Ravi que ça serve, et persuadé qu'Howard Becker, toujours en vie bien que fort âgé, assez souvent à Paris ces temps-ci et auteur d'un des plus vieux sites perso de la sociologie (http://home.earthlink.net/~hsbecker...) le serait aussi. Maintenant, il faut approfondir un peu, et ce n'est pas avec cette référence nulle sur Wikipedia qu'on va y arriver.
Entrepreneur de morale, ce n'est pas une expression, c'est un concept par lequel Howard Becker désigne, bien évidemment, quelque chose de précis, qui n'a rien à voir avec le moralisateur, le donneur de leçons, le poseur qui sait-tout-mieux-que-les-autres ou même le citoyen éco-responsable qui s'achète une indulgence en faisant planter un arbre pour compenser le bilan carbone de son voyage au Cambodge.
L'entrepreneur de morale est une forme particulière, et minoritaire, de militant qui à la fois défend une cause sacrée, défend cette cause pour des raisons purement morales, et a un objectif bien défini, celui de transformer sa cause en une norme qui, par l'intermédiaire de la loi, s'imposera à tous, et permettra donc de faire disparaître de l'espace social la propriété contre laquelle il se bat : ce militant vise à réformer radicalement les mœurs, et il cherche à influencer en ce sens ceux qui votent les lois.
Et la prostitution fournit en effet un modèle du genre, avec ces militants abolitionnistes dont Lilian Mathieu (http://recherche.univ-lyon2.fr/grs/...) le spécialiste de la question a pas mal traité, qui considèrent la prostitution comme un mal qu'il faut absolument éradiquer, et n'apportent leur aide aux prostituées qu'à la condition qu'elles abandonnent le métier. Que ceux-ci soient des entrepreneurs de morale, c'est certain ; que le PS, ses militants, ou même les rapporteurs de la loi prohibitionniste le soient, c'est nettement moins évident.
J'avais cru à une faute de frappe.
Désolé.
@Denys: En effet, le PS me semble agir plus par opportunisme politique, suivisme et volonté de « bien faire » que sur la base d'une volonté profonde ; le titre est, je l'avoue, provocateur.
De nos jours, il n'y a plus de Calvin ou de Savonarole qui peuvent agir en quasi-dictateurs sur une cité ; aussi le but est de parvenir à faire que les idées soient reprises par les partis au pouvoir (voir la « moral majority » aux États-Unis avec les Républicains).
La frontière entre la plaisanterie, le troll et la vérité est parfois très ténue.
Les gens sont libres de se prostituer, physiquement, moralement et intellectuellement, en échange d'un salaire, de quelques billets ou de vacances à Las Vegas déguisées en conférence.
La prostitution dans sa forme la plus ancienne a cependant l'inconvénient majeur d'attirer le crime organisé, de générer des flux de capitaux qui vont nourrir des activités illicites, de maintenir l'insécurité physique des personnes qui y travaillent et d'ennuyer le voisinage.
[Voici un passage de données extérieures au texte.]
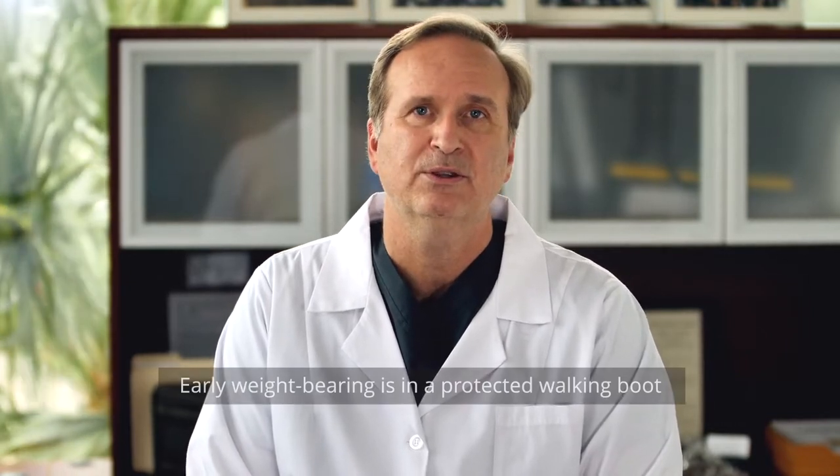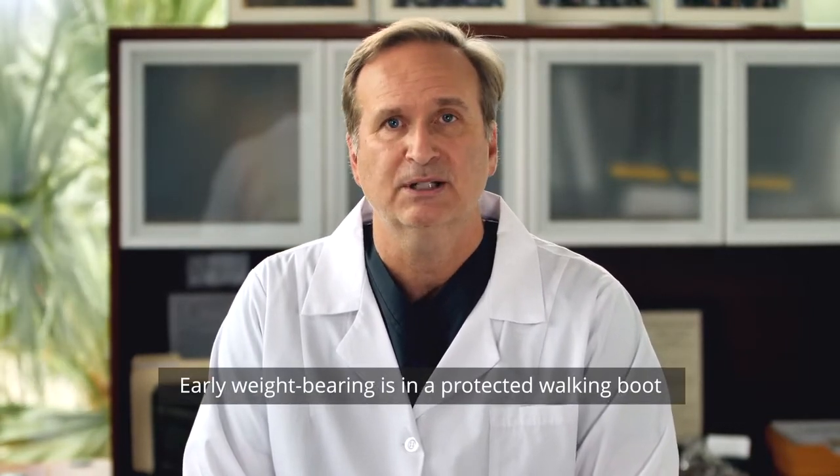I always have my patients in a protective boot. I even use a splint in some patients, which is a half cast where no weight can be put on for a few days. But then pretty early on, the benefit of the lapoplasty procedure is being able to put weight through the heel.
C'est ce qui justifie sa légalisation encadrée dans les pays germaniques.
Avec l'arrivée d'internet sont apparus des produits de substitution qui peuvent satisfaire les clients - pour peu qu'on les motive un peu - tout en garantissant de meilleures conditions de travail et un contrôle plus strict des flux financiers.
Dès lors je ne vois aucun inconvénient à mettre en place un système d'incitations afin d'encourager la clientèle à changer ses habitudes. Je suis d'ailleurs favorable à ce que la sanction soit augmentée d'une nuit au poste de police (pour l'humiliation). Il faudrait aussi des aides pour que les travailleuses s'équipent en matériel informatique et un "accompagnement" des plateformes à coups de carotte et bâton.
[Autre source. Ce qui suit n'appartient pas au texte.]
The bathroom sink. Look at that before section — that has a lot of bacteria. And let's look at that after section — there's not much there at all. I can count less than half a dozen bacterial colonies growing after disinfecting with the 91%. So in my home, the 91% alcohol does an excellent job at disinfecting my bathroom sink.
Quant à la morale, la politique et tout ça, c'est un peu comme pour l'avortement. La plupart des gens y voient une question de société : la vie contre la liberté. Moi j'y vois juste très pragmatiquement la moins mauvaise des solutions.
Ce ne sera pas la première fois que l'on aboutit à une bonne mesure pour les mauvaises raisons... un peu comme l'avortement d'ailleurs.
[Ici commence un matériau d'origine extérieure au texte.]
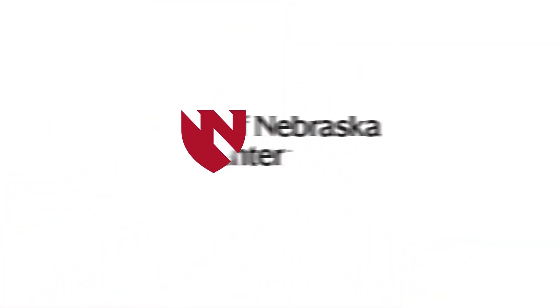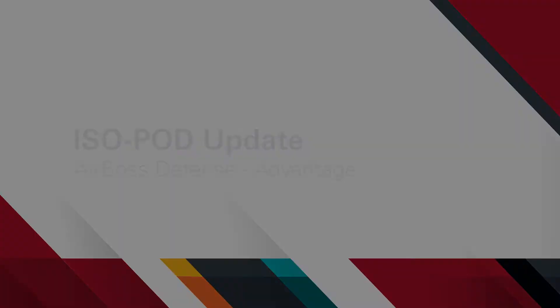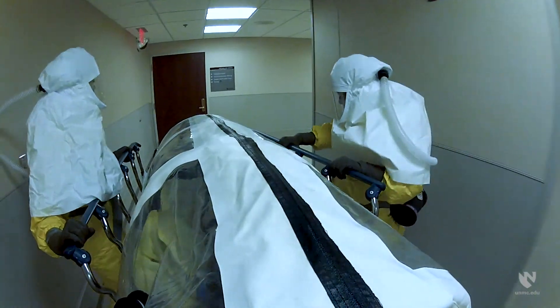In this video, we will highlight the updates that have been made to the current generation of the isopod. Safe transportation remains one of the most important components in caring for patients with highly infectious diseases. An isopod is one device that can provide a safe environment during that time.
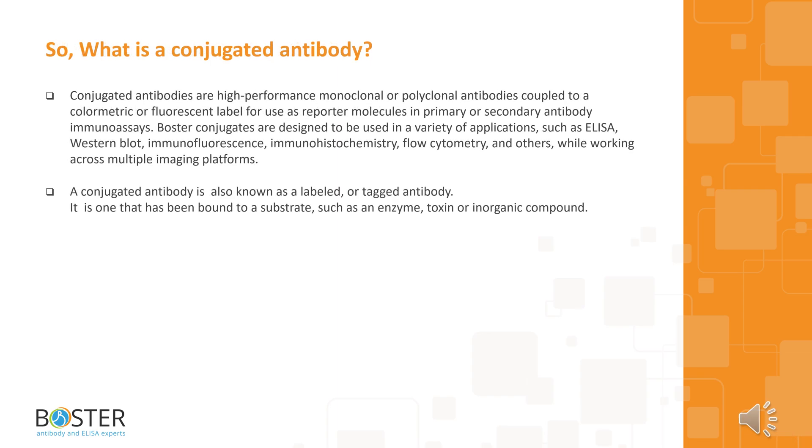What is a conjugated antibody? Conjugated antibodies are high-performance monoclonal or polyclonal antibodies coupled to a colorimetric or fluorescent label for use as reporter molecules in primary or secondary antibody immunoassays. Boster conjugates are designed for use in a variety of applications such as ELISA, western blot, immunofluorescence, immunohistochemistry, flow cytometry, and others, working across multiple imaging platforms. A conjugated antibody is also known as a labeled or tagged antibody, and it is one that has been bound to a substrate such as an enzyme, toxin, or inorganic compound.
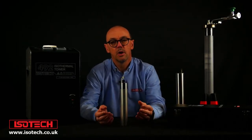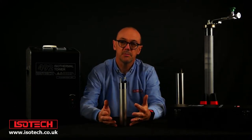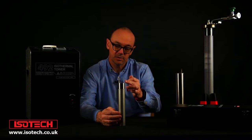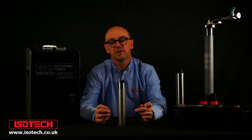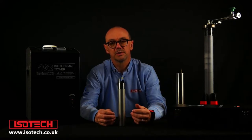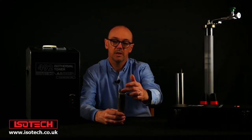So what is an ITS-90 fixed point cell? I'm going to go through different types. This particular one — we call it a slim cell from Isotech — is one of our smaller cells and is a good example. It has a graphite crucible inside a metal enclosure, and inside the graphite is the pure metal. This one contains pure tin — six nines pure, so 99.9999% pure or better. And there's a thermometer well in the centre.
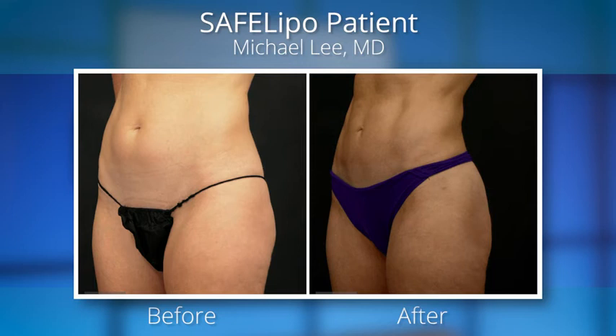With the new instrumentation, we can address a broader range of patients. We're not confined to that traditional idea of who is a good patient for liposuction — we can treat more people.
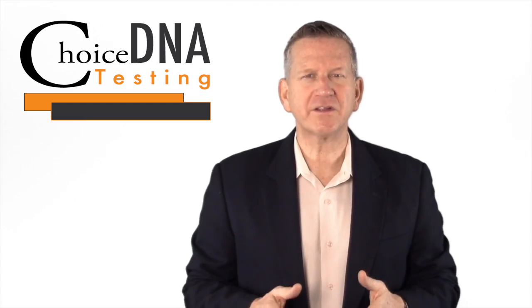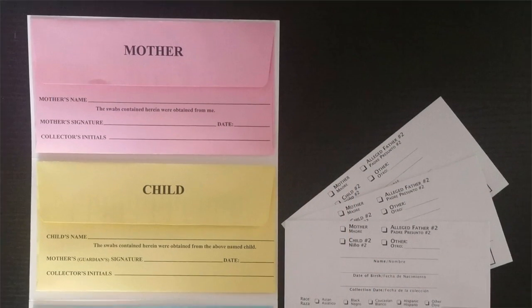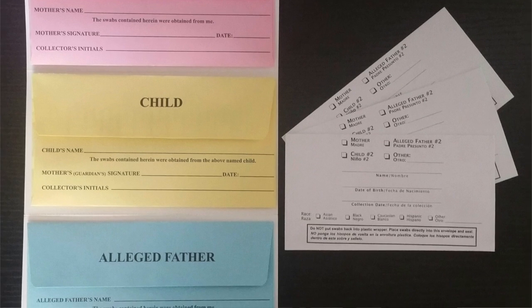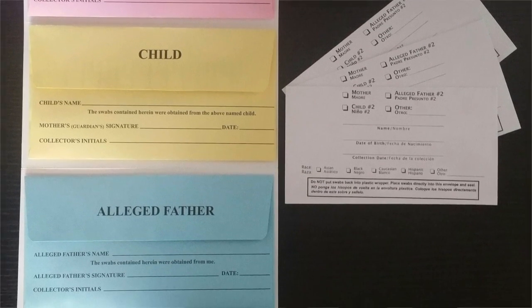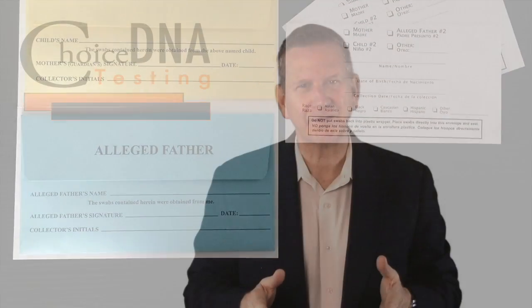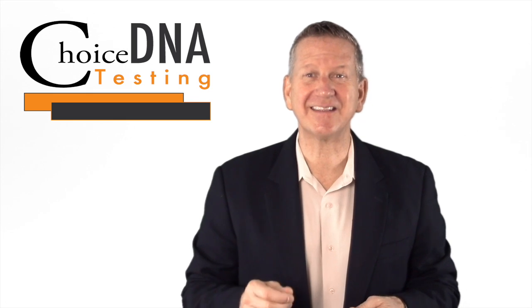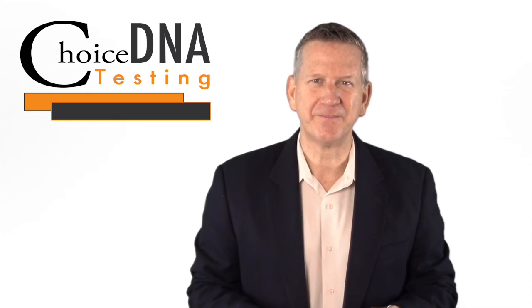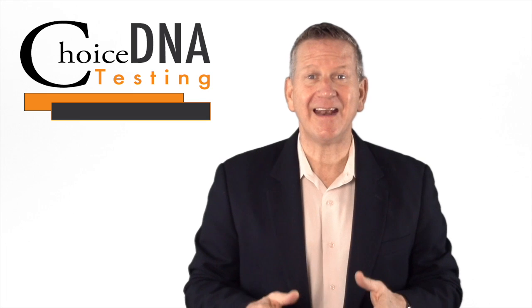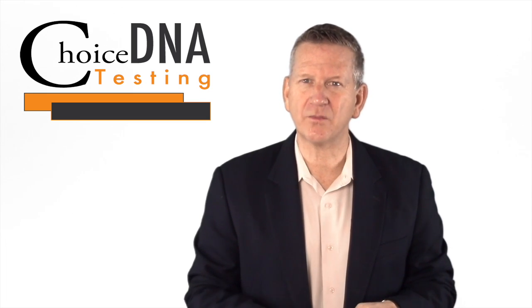Number three, remove the swab from the mouth and place it directly into the paper envelope labeled for that person. The swab will be wet and will get the envelope wet, but that's completely normal — it will dry within a few hours after the swab envelope is sealed. Contrary to some of your favorite television shows, the laboratory is testing the cheek cells in the swab, not the saliva. Repeat the swab collection process with the remaining swabs in that package for that person, using one swab on the right cheek and one on the left cheek. After both swabs have been used, discard the wrapper and seal the paper swab envelope labeled for that person.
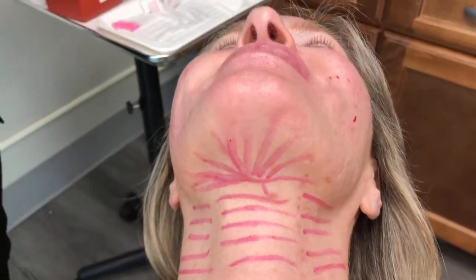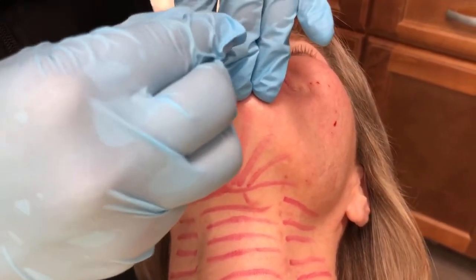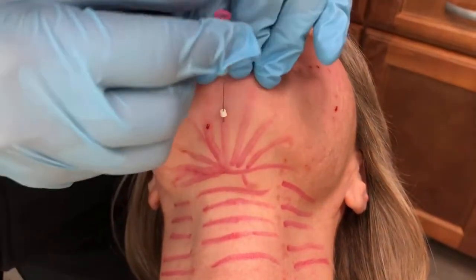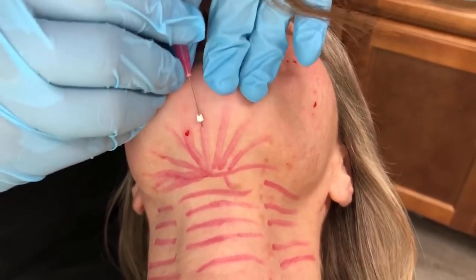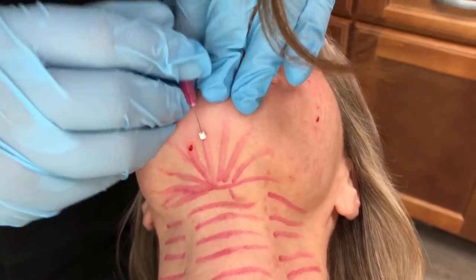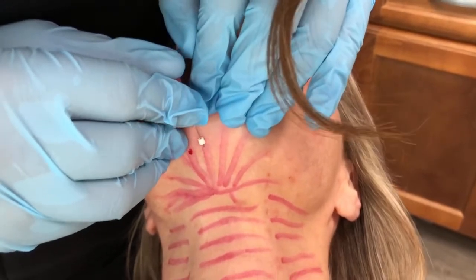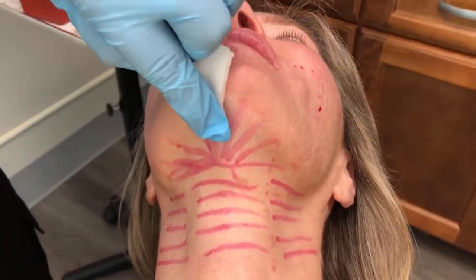We're still in the subdermal plane, but we are really aiming for the fat. You can see we are placing these at a fairly shallow angle — about a 10-degree angle as we enter into the skin. As you get through the area you want to target, you may also encounter some resistance, but you want to make sure that you're causing some trauma to the fat cells. That's exactly what we want to target here.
@Couard: Je ne pense pas que le client moyen veuille se contenter de virtuel. Je connais mal le problème de la prostitution et encore moins la mentalité des clients, mais je soupçonne qu'il y a quelque chose de se sentir un « vrai homme », qui ne peut pas se résoudre à distance.
Par ailleurs, je ne suis pas convaincu de l'amélioration des conditions de travail. Je frémis un peu à l'idée de la nana (ou du mec) qui bosse pour trois fois rien dans une arrière boutique dans je ne sais quel pays exotique mais avec une bonne bande passante, avec son patron qui lui dira de faire des trucs plus extrêmes pour passer la concurrence (e.g. récemment la chanteuse Rihanna a provoqué la fermeture d'un club de spectacles pornographiques à Phuket en racontant sur Twitter “Either I was … wasted last night, Or I saw a Thai woman pull a live bird, 2 turtles, razors, shoot darts and ping pong, all out of her p—y".).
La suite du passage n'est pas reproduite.